All that said, I do expect people increasingly to examine github for recent
community work, I would be concerned with someone who had never used it,
though outside the fad bubble of the sf mission, a lot of people are using
bitbucket and - GASP - hosting their own git repos.

GitHub is a great tool, a useful community 'hub', but also a SPOF and a
relatively young player in the source control space.

I can say from experience, however, it's just very frustrating to have a
recruiter say that some founders ten years your junior who probably have a
great idea and could be great to work for want to see a github profile.

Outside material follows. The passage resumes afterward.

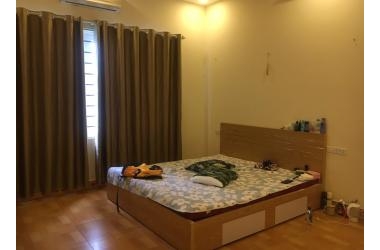 Bán gấp nhà phố Tam Trinh, 1,8 tỷ x 28m2, ngõ thông, gần phố. LH: 0912519472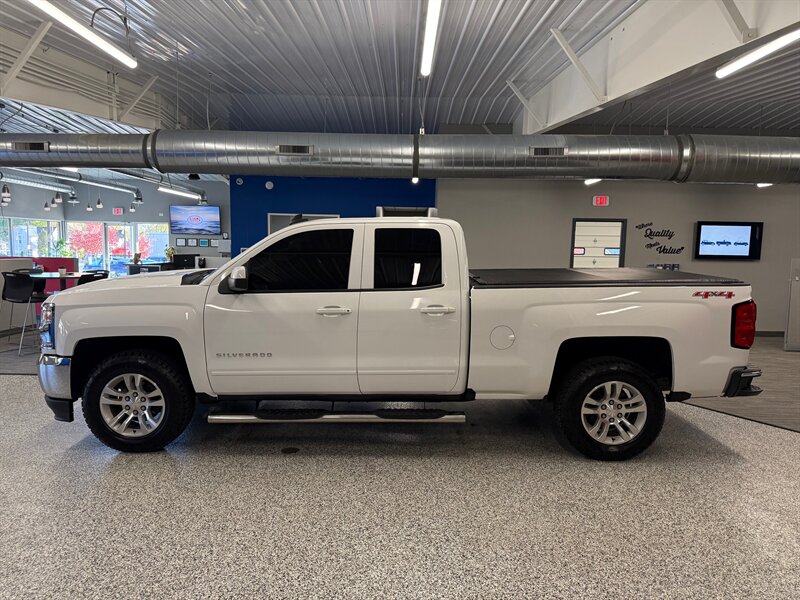 2017 Chevrolet Silverado 1500 LT photo 4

kids, i helped build Rackspace, without which there would be no GitHub. Give
those old-timers a call. ;)

Anyway, this debate may not be fair to OP who was just showing how to use GH
to host actual resume. There are some advantages, but really, fire up a $5
DigitalOcean VM and show me that you know about code running some way other
than foreground in your laptop console.

------
philjackson
Here's mine, [http://philcv.com/](http://philcv.com/). It's also generated
from Github and a simple push to gh-pages has changes up. It's HTML, but
modular and would be easy enough to convert the chunkier bits of text to
markdown.

If you hit print you'll get a stylesheet suitable for distributing a PDF... or
printing.

You can even change the colour theme with the left/right arrow keys, but
that's just to help me pick a colour scheme, rather than a feature of the CV
itself.

------
insteadof
Clear case of: [http://www.npr.org/2014/04/01/297690717/why-doesnt-
america-r...](http://www.npr.org/2014/04/01/297690717/why-doesnt-america-read-
anymore)

------
timbre
The linked article (title "Painless Resumes With Markdown") doesn't even
mention GitHub.

------
rgrau
Why not keep your resume as pure git repo? That's more in the spirit of git,
no? That way you could even track ppl's CV for updates. (More of a joke than a
real CV [https://github.com/kidd/Me](https://github.com/kidd/Me) )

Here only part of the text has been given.